Short descriptive text snippets
------------------------------------------------------------

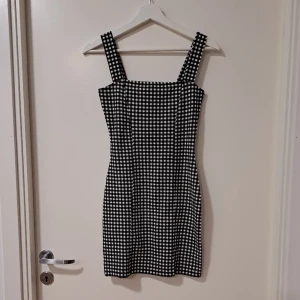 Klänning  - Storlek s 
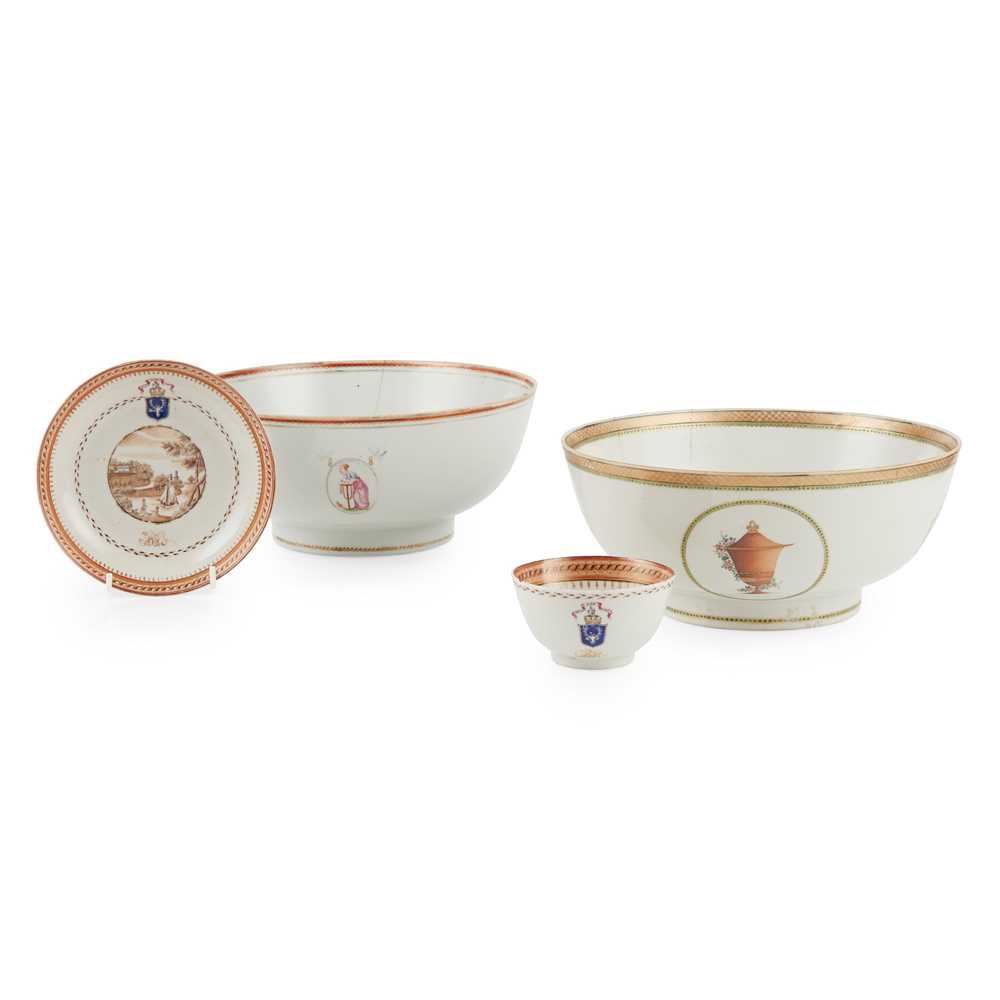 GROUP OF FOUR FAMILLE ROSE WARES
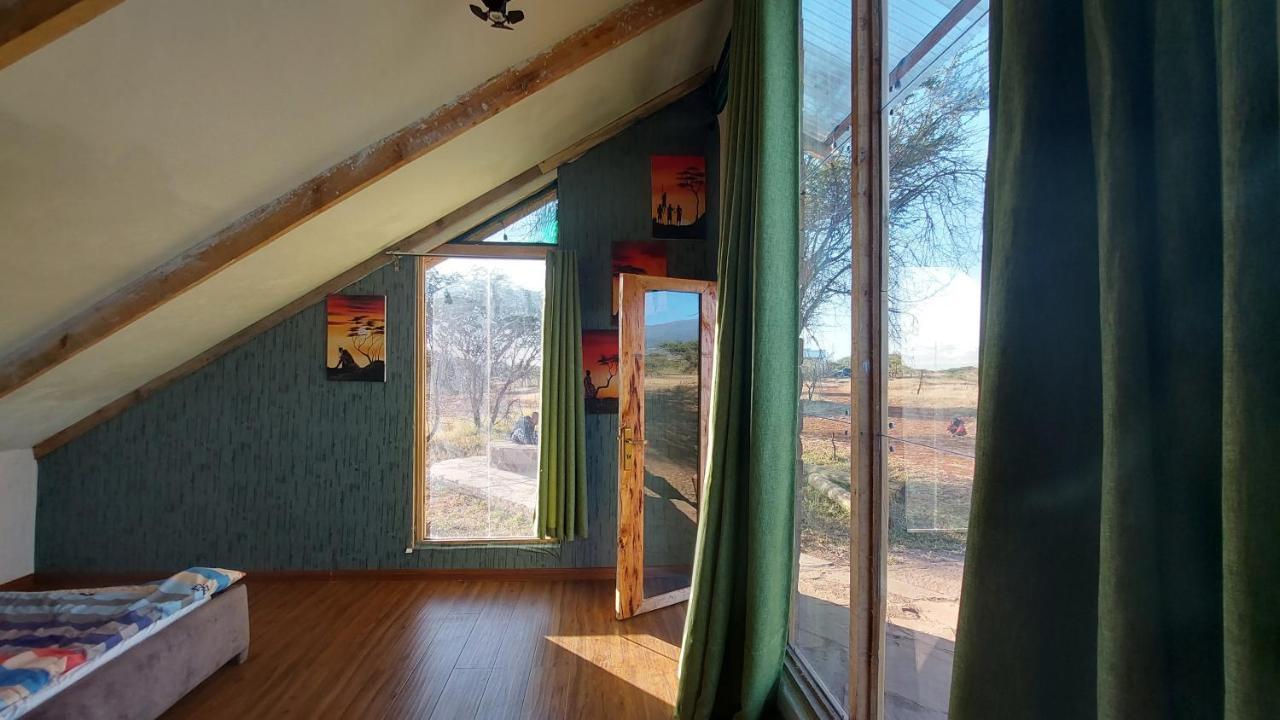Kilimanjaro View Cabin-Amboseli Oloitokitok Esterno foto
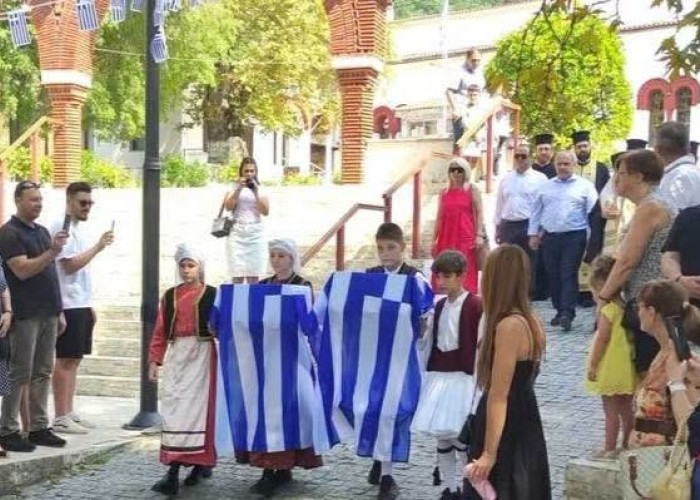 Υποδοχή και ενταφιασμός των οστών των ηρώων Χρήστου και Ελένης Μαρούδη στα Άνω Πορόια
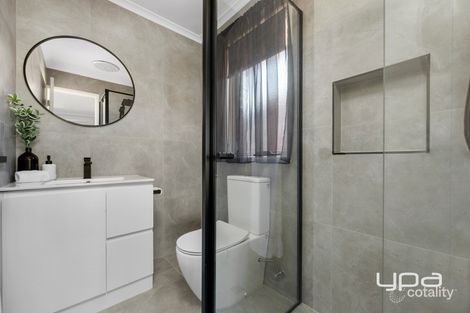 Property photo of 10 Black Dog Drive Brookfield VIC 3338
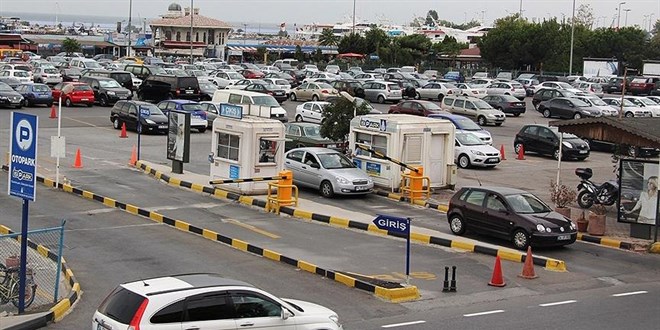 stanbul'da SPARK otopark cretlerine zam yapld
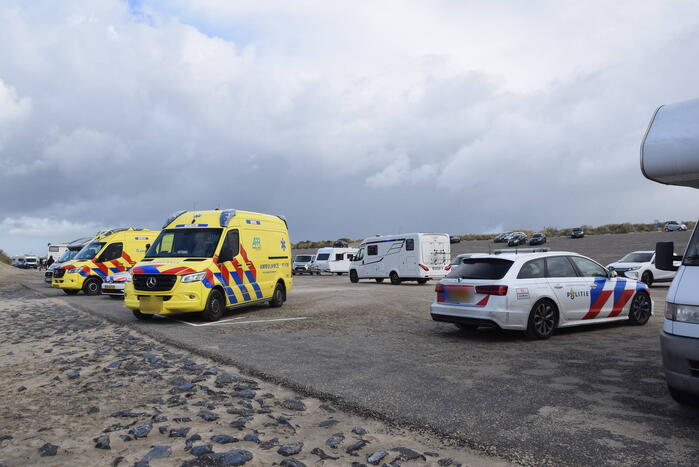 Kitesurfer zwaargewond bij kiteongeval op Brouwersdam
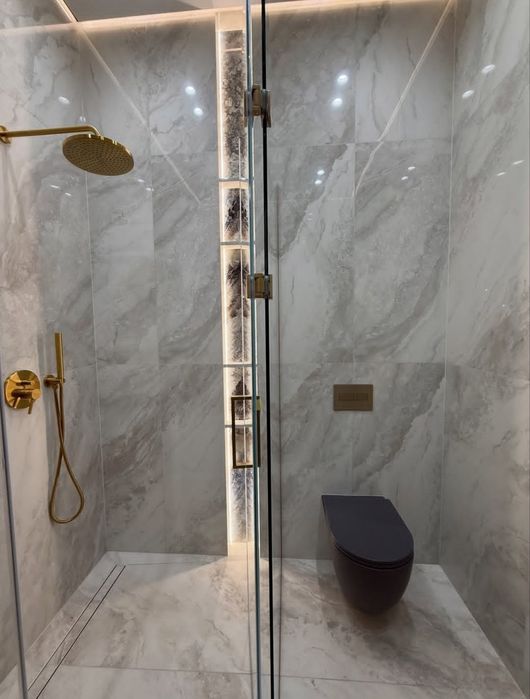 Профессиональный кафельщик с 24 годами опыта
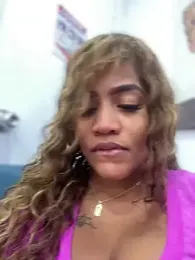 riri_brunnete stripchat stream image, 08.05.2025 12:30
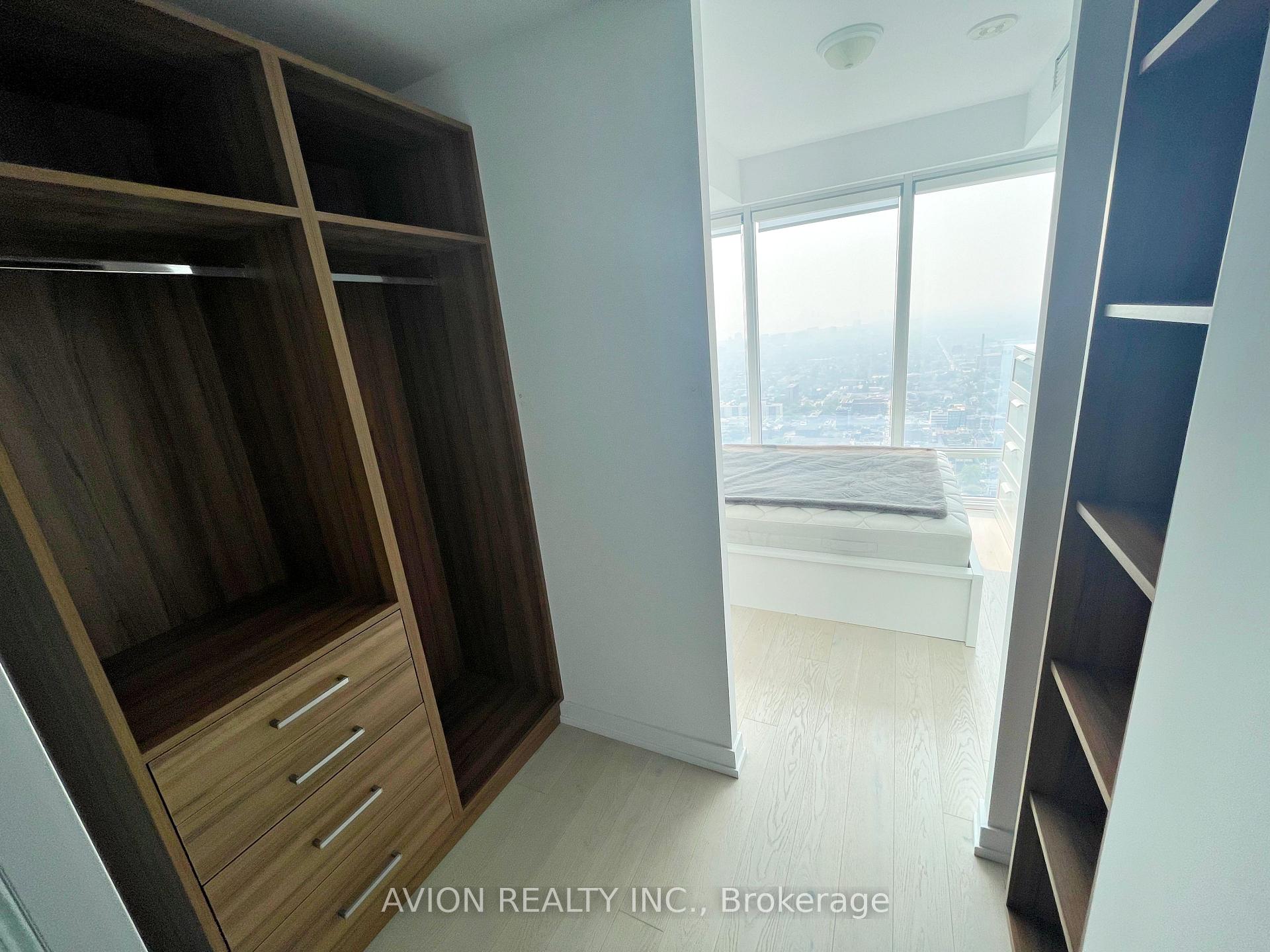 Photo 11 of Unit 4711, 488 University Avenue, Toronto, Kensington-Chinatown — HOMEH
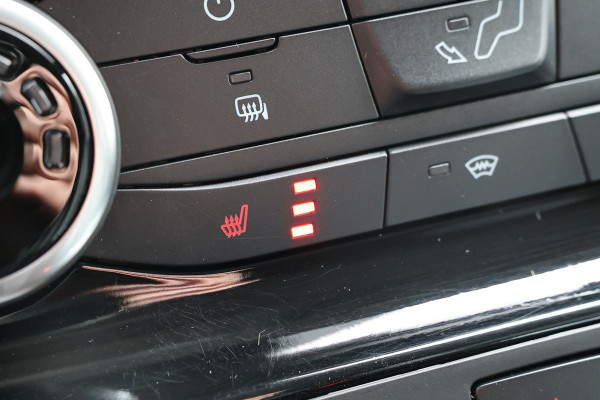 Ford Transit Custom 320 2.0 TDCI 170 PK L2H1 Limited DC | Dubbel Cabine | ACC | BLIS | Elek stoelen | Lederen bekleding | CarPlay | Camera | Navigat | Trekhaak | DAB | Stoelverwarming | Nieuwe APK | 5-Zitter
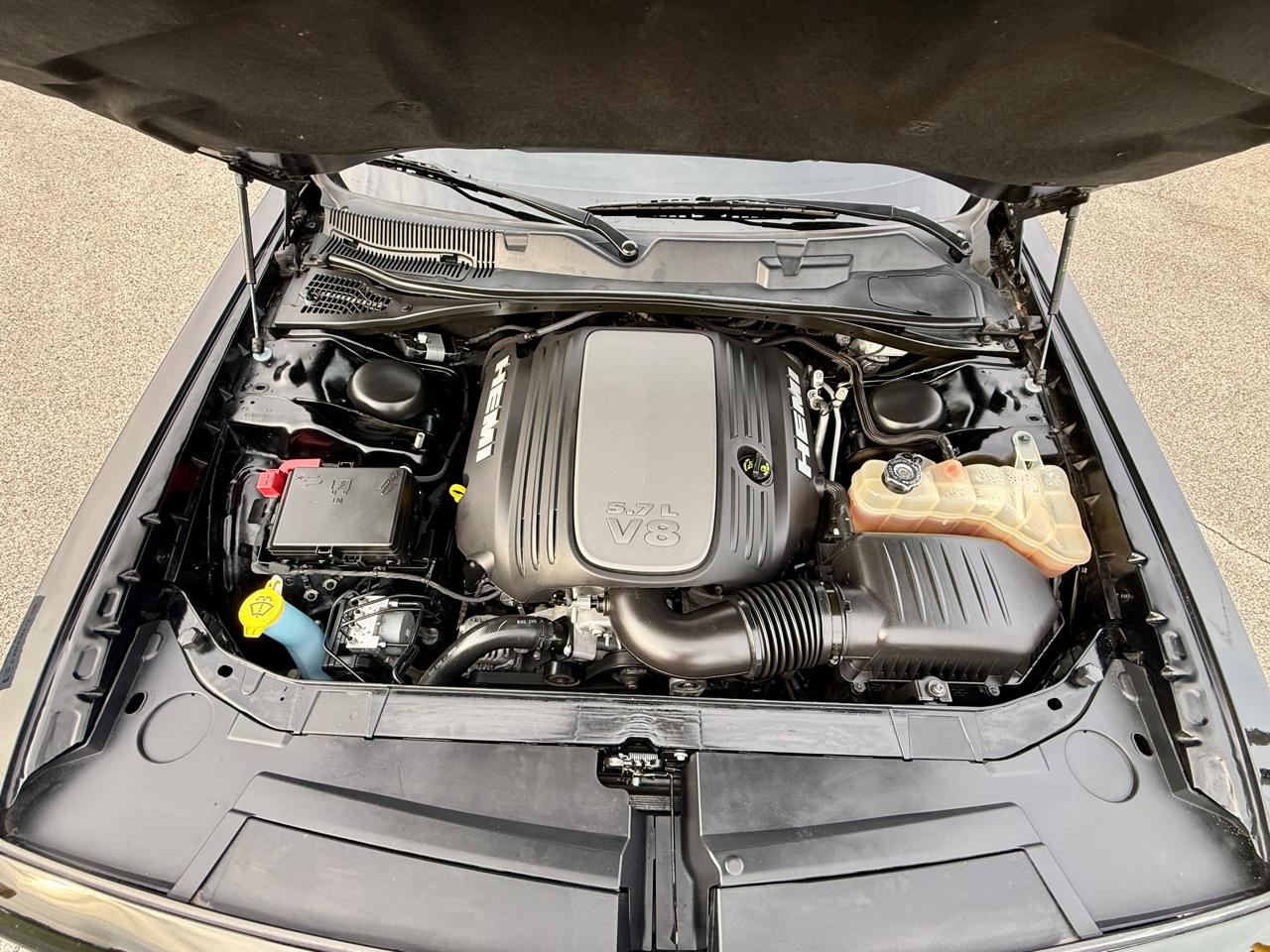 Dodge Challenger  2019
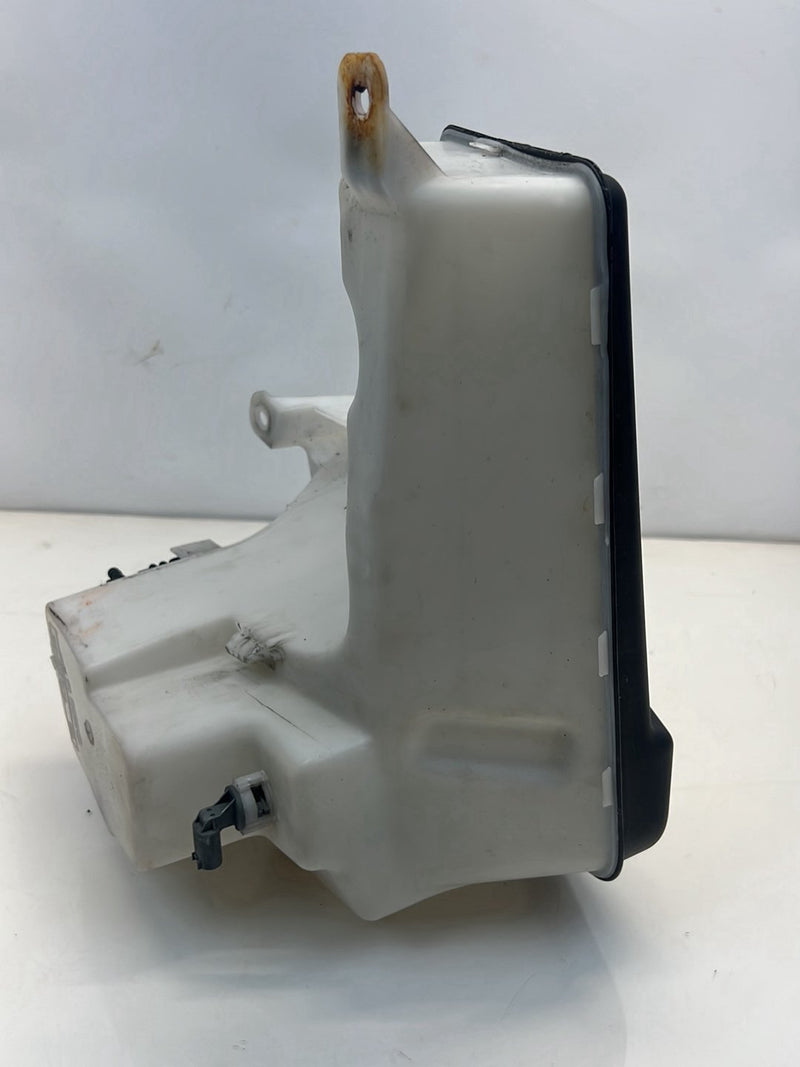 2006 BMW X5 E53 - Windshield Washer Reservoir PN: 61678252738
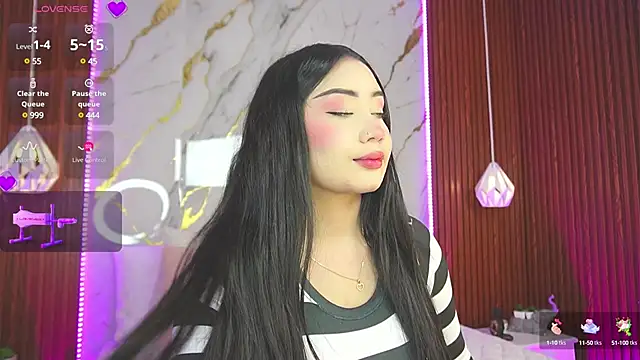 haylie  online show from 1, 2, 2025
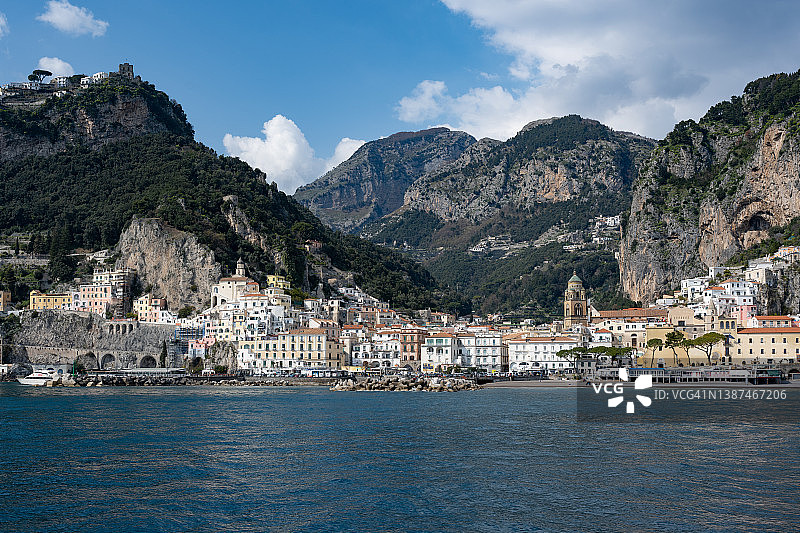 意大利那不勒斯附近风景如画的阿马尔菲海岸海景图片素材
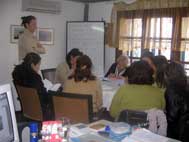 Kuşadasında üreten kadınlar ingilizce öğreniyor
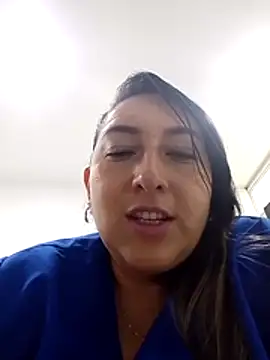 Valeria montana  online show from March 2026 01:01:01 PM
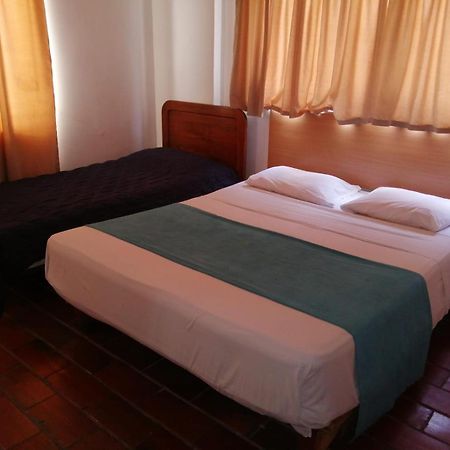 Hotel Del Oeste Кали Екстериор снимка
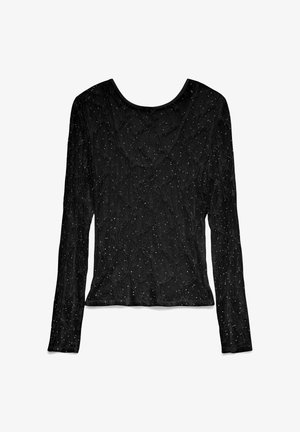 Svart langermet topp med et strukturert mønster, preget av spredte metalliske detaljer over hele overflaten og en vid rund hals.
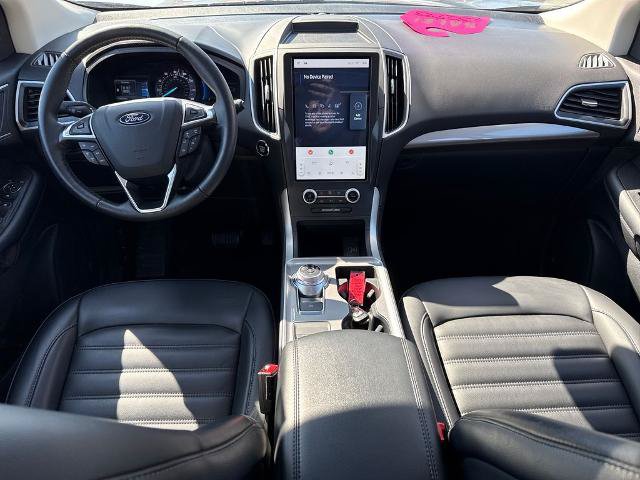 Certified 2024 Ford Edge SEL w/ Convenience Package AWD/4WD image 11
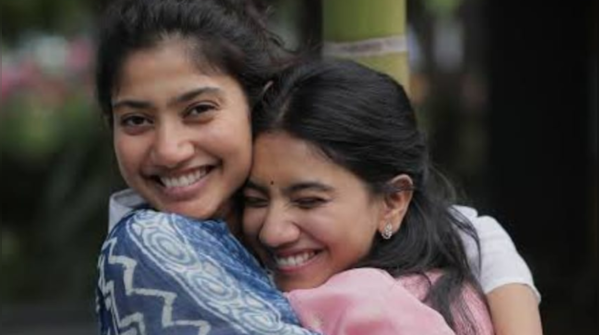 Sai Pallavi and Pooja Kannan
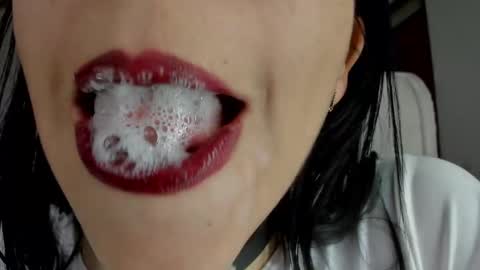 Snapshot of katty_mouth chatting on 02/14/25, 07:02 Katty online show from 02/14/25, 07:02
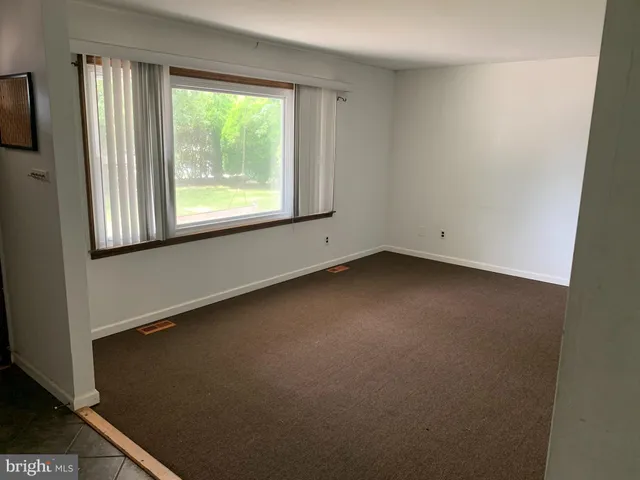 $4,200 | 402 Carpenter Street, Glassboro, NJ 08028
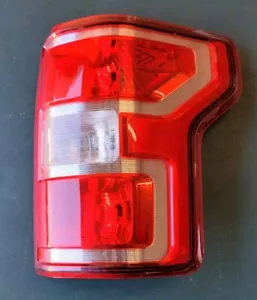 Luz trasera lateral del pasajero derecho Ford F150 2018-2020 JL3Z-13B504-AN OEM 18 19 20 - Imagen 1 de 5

------------------------------------------------------------

Exercise objective: Exactly the lines from the one containing "stanbul'da SPARK otopark" to the final line of the entries are wanted; please write them out, both ends included, but not the pictures.

Exercise result:
 stanbul'da SPARK otopark cretlerine zam yapld
 Kitesurfer zwaargewond bij kiteongeval op Brouwersdam
 Профессиональный кафельщик с 24 годами опыта
 riri_brunnete stripchat stream image, 08.05.2025 12:30
 Photo 11 of Unit 4711, 488 University Avenue, Toronto, Kensington-Chinatown — HOMEH
 Ford Transit Custom 320 2.0 TDCI 170 PK L2H1 Limited DC | Dubbel Cabine | ACC | BLIS | Elek stoelen | Lederen bekleding | CarPlay | Camera | Navigat | Trekhaak | DAB | Stoelverwarming | Nieuwe APK | 5-Zitter
 Dodge Challenger  2019
 2006 BMW X5 E53 - Windshield Washer Reservoir PN: 61678252738
 haylie  online show from 1, 2, 2025
 意大利那不勒斯附近风景如画的阿马尔菲海岸海景图片素材
 Kuşadasında üreten kadınlar ingilizce öğreniyor
 Valeria montana  online show from March 2026 01:01:01 PM
 Hotel Del Oeste Кали Екстериор снимка
 Svart langermet topp med et strukturert mønster, preget av spredte metalliske detaljer over hele overflaten og en vid rund hals.
 Certified 2024 Ford Edge SEL w/ Convenience Package AWD/4WD image 11
 Sai Pallavi and Pooja Kannan
 Snapshot of katty_mouth chatting on 02/14/25, 07:02 Katty online show from 02/14/25, 07:02
 $4,200 | 402 Carpenter Street, Glassboro, NJ 08028
 Luz trasera lateral del pasajero derecho Ford F150 2018-2020 JL3Z-13B504-AN OEM 18 19 20 - Imagen 1 de 5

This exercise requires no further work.